Recep Tayyip Erdoğan
Turkey's President Recep Tayyip Erdoğan adjusts earphones during a news conference in Hangzhou, Zhejiang Province, China, Sept. 5, 2016. REUTERS/DAMIR SAGOLJ

Turkey’s ruling Justice and Development Party (AK Party) submitted a bill to the parliament Saturday proposing a constitutional reform that would give more power to the presidency and dilute the role of the parliament. The 21-article legislation could potentially result in President Recep Tayyip Erdoğan extending his rule for two five-year terms ending in 2029.

The bill — which could potentially transform Ankara’s political framework from a parliamentary system to a presidential one — if passed, would then face a national referendum likely to be held in the spring or summer of 2017. If the results of the referendum are in favor of the changes, they would be implemented in 2019.

“God willing, this will be the start of a new era,” Erdoğan reportedly said at a rally in Istanbul just before his party introduced the bill at the parliament in Ankara.

Erdoğan is Turkey’s first president elected by popular vote in 2014. He previously served three terms as the nation’s prime minister. The once-ceremonial role has been transformed by the popular vote, Erdoğan said.

Chairman of the parliament’s Constitutional Commission Ahmet Iyimaya said Turkey already has a “partial executive presidency.”

“Turkey has moved away from the parliamentary system towards a presidential system following the constitutional changes in 2007 and 2010. So this is necessary move,” Iyimaya, a member of the AK Party, told Al Jazeera. “The coalition governments in the Turkish parliamentary system took so much from this country, wasting so much time. They could not solve any of the issues this country faced.”

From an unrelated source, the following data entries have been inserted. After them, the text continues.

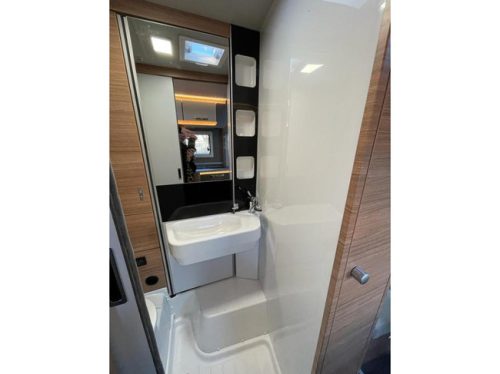 Weinsberg Xcursion 500 LT Super offer photo: 18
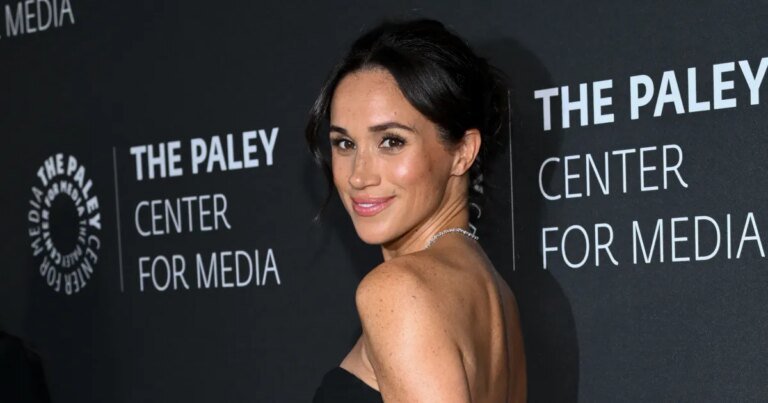 Meghan Markle's Cashmere Sweater Brings Effortless Chic Style to Any Wardrobe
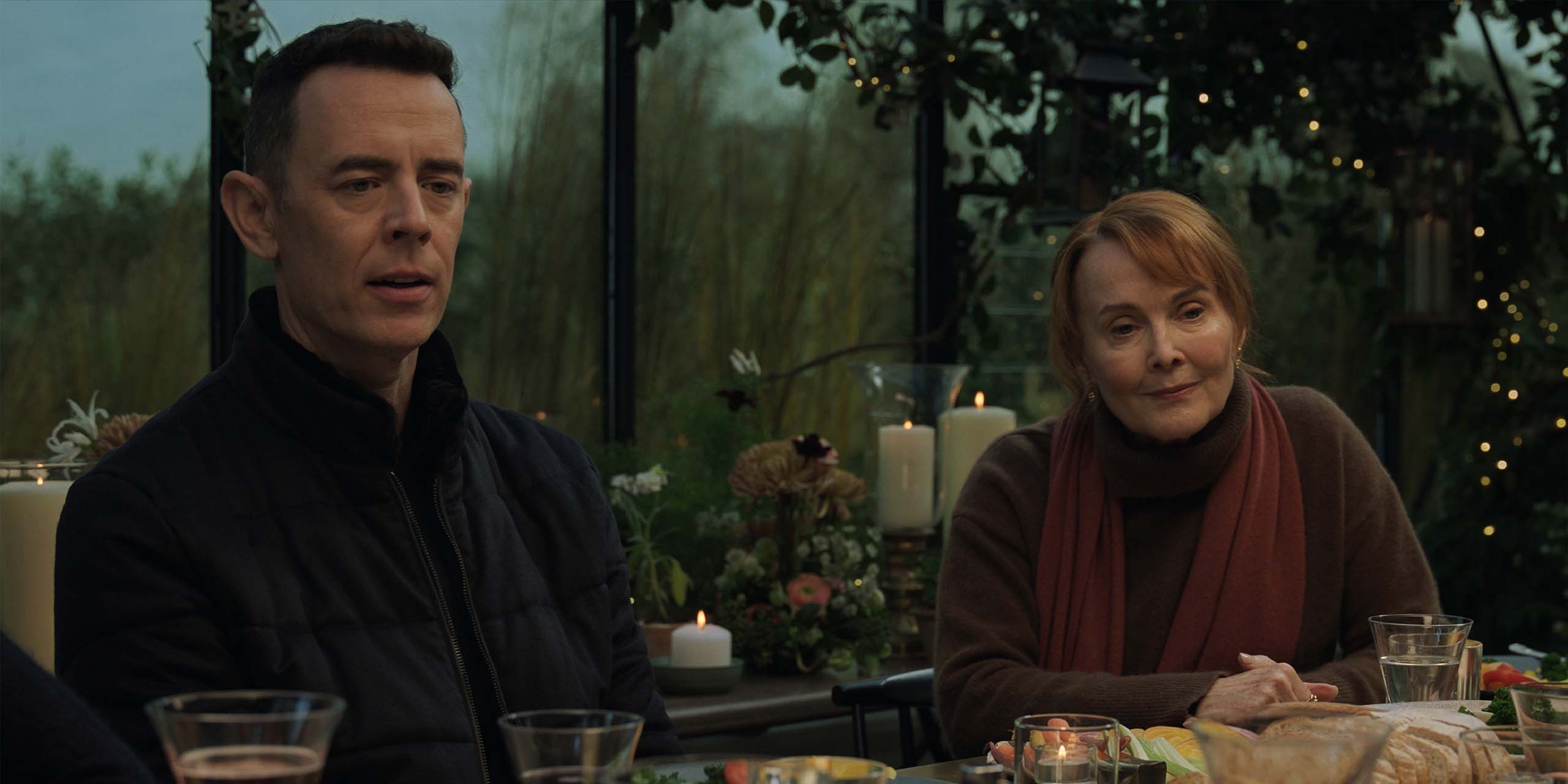 Colin Hanks et Laura Innes dans la saison 3 de Silo.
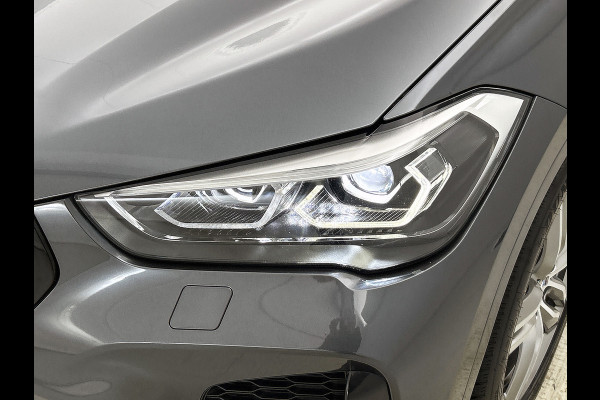 BMW X1 SDrive18i High Executive M-pakket ( Goed onderH, Panorama, Camera, StoelV, Carplay, Navi Pro, Etc)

Erdoğan had repeatedly blamed the country’s coalition governments for Turkey’s economic downfall and instability. Turkey’s economic slump has caused the lira to fall to record lows. Meanwhile, the government is working toward cracking down on dissidents, who the AK Party alleged belong to opposition parties, after the failed coup earlier in July.

However, critics fear the passage of the bill, long sought after by Erdoğan, would erode democracy and establish a “dictatorship” in Turkey.

“This is a dictatorship project, an undertaking to monopolize all of the state’s powers,” Bulent Tezcan, deputy chairman of the main opposition Republican People’s Party (CHP), said.

CHP MP and a human rights lawyer Mustafa Sezgin Tanrikulu told Al Jazeera that the bill would “pool power in one person at a dangerous level and pave the way for an authoritarian regime.”

“This text gives one person the state’s whole executive power, some legislative powers through decrees and judicial powers - through appointments. This is a bill that will move Turkey away from the principles of democracy and the rule of law,” he said.